BEGIN DATA RECORDS
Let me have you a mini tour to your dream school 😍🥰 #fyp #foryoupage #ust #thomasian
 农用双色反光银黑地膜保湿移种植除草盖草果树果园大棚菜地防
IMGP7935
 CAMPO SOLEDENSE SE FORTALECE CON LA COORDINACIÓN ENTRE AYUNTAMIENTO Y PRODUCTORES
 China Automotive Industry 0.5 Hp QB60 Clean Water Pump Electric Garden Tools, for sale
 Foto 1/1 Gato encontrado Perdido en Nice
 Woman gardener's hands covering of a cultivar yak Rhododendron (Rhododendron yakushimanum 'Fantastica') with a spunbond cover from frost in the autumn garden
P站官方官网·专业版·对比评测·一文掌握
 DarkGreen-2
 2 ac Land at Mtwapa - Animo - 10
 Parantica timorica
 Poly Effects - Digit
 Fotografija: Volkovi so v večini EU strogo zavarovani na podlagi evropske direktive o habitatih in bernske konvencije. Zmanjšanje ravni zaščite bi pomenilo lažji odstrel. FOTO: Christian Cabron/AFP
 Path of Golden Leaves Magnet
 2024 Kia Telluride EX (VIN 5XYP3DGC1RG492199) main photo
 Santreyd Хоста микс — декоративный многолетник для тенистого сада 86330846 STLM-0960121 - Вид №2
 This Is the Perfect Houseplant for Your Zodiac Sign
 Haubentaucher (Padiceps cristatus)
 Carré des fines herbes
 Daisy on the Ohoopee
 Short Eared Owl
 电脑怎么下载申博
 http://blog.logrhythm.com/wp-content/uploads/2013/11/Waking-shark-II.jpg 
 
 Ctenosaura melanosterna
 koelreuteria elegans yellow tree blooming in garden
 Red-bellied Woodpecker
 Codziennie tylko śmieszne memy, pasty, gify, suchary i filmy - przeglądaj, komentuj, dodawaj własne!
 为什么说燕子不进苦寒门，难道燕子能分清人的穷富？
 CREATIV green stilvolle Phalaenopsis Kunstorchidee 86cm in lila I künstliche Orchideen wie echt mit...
END DATA RECORDS
■ GOAL OF THE EXERCISE
From the line that has "Short Eared Owl" through the line that has "Red-bellied Woodpecker", copy every line exactly as it appears above, and leave out all others.

■ TASK RESULT
 Short Eared Owl
 电脑怎么下载申博
 http://blog.logrhythm.com/wp-content/uploads/2013/11/Waking-shark-II.jpg 
 
 Ctenosaura melanosterna
 koelreuteria elegans yellow tree blooming in garden
 Red-bellied Woodpecker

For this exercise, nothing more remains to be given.